老化は不可逆的な変化であって、けっして戻すことはできない。
「複数の人間が、共通の目的のもとに、調整された諸活動を行う」場と定義される組織においても、人間と同じような不可逆的な老化現象が起きる。ところが人間と少し違うところがあって、その違いゆえに組織の老化は始末が悪い。
それが細谷功氏の問題意識であった。
・定例会議が多い
・やるリスクは真っ先に論じられるが「やらないリスク」が論じられることはない
・「できない理由」が得意な社員が多い
・簡単な経費の使用にも複雑な承認プロセスが必要である
・個性的な人が少ない金太郎飴集団である
・仕事は誰がやっても同じアウトプットが出るよう「組織化」されている
・「変わった人」は迫害される企業文化である etc
上記が細谷さん流の組織老化チェックリストである。
一瞥したところ、マイナスのことばかりに見えるが、そう単純なものではない。
組織の老化とは、組織の経験学習の蓄積である。さまざまな成功や失敗の上に積み重ねてきた「資産」でもある。
ある時点までは蓄積には意味があった。組織の成果につながる対応であった。
ところが、ある時点で臨界点に達して、「資産」が「負債」に転化をはじめる。
そこが組織の老化がはじまる時である。

人間の場合、臨界点のタイミングは年齢というわかりやすい目安がある。
「俺も来年は後厄だしな...」などと人知れずつぶやきつつも、少しずつ老化という現実を受け入れはじめる。
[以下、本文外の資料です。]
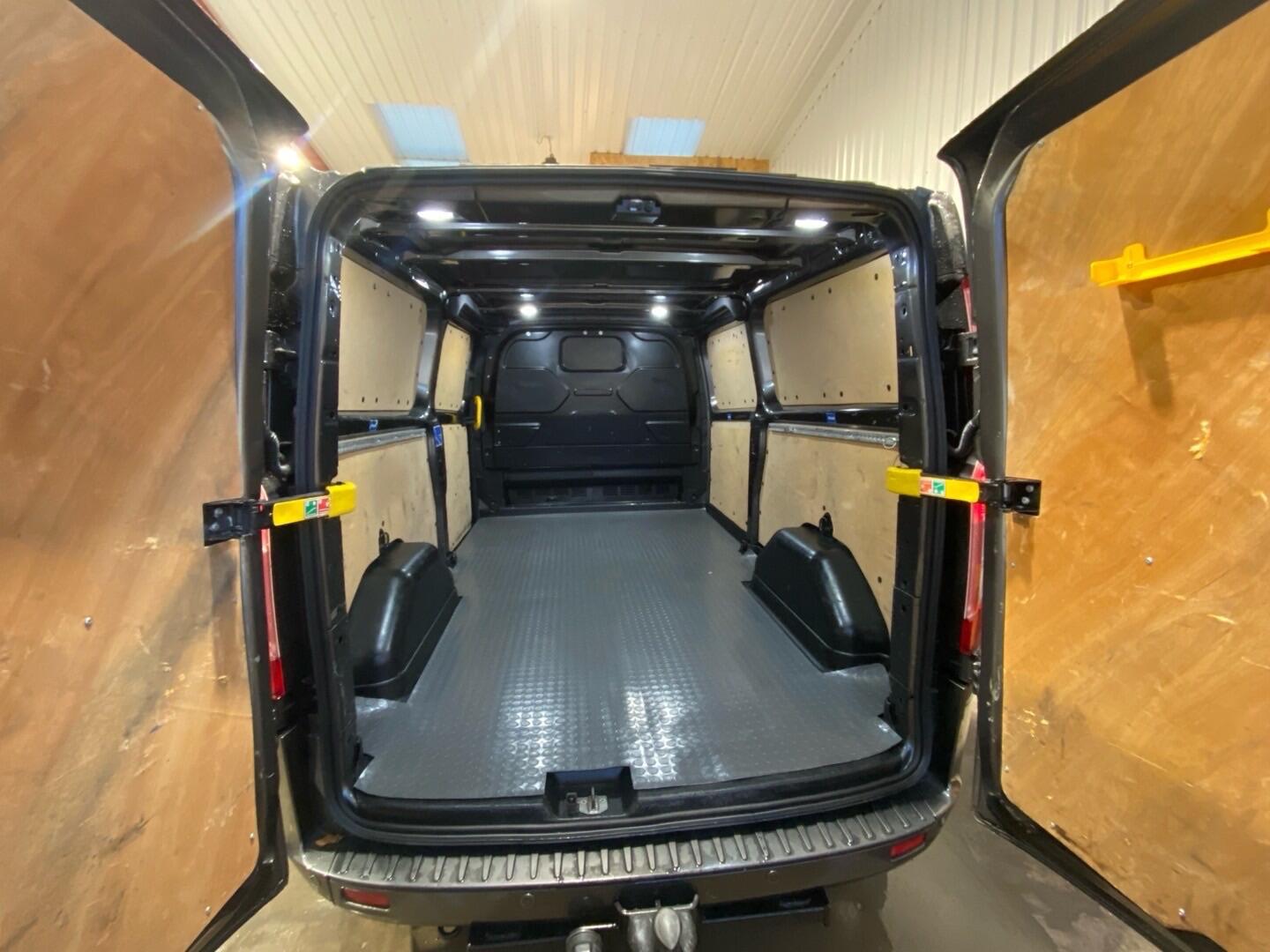 Used Ford Transit Custom 2021 for sale - 76585075: Photo 14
昼食のメニューを決めるときに、「ちょっと待てよ」とカロリー計算をするようになる。
万歩計を買い、ジムにも通うようになる。
自分の手柄より若い人を育てることに意識をむけるようになる。
人生とは何か、幸せとは何か、を再考すべく座禅を組んだりもする。


細谷さんの話を聞くと、組織の老化が個人と違うのは、この臨界点が見えにくい、気づきにくいことにあるようだ。
人間であれば、中年期に入れば、もうこれ以上成長できないことを自覚し、緩やかに下り坂を生きる準備を始めるのに、組織の場合は「いつまでも成長できる」という錯覚の前提に立っている。
臨界点を越えている(資産が負債に変わる)のに、かつてのやり方を踏襲して、せっせと負債を積み増している。
ここがやっかいである。
人間は老化への適応がスムーズだと書いたが、実際はそうでもない。老化対策はかなりの意志がないと出来ないことだ。
であるなら、組織の場合には、もっと明確で強い覚悟をもって、老化対策に向き合わねばならないだろう。
細谷さんは、組織の老化対策七箇条を提示してくれた。
まずは心構えとして
1)組織も老化すること(永遠の成長はないこと)を前提として、そのメカニズムを理解し受け入れる
短期的な対処療法としては
2)老眼鏡でみる=立ち止まって「ほんとにこれでいいのか」と考える癖をつける
3)大掃除する=定期的に仕事やルールの見直しをする
中期的な抜本対策として
4)混ぜるな、切り分けよ=トンガリ人材は別組織(子会社)に分けて自由に動かす
5)変えるな、置き換えよ=オペレーション人材を無理に尖らせようとしても無理、時間をかけてでも人材のポートフォリオを変える発想が必要
6)老いては子に従え=成長している子会社をコントロールしようとするな
長期的な価値観転換として
7)未来の会社は大きければいいと限らないのではないか。会社というものの概念をゼロベースで見直す必要もある
細谷さんが、組織の老化現象を巧みにマネジメント出来ていると評価している組織は、リクルート社である。
リクルート社は、OBも含めて巨大なエコシステムを形成しており、会社に在籍しているか否かを別にして、そのシステムの一員として生きていくことが出来ている、という見立てである。
夕学でもお馴染みの藤原和博さん(元リクルートフェロー)の不朽の名著『リクルートという奇跡』をもう一度読み直してみよう。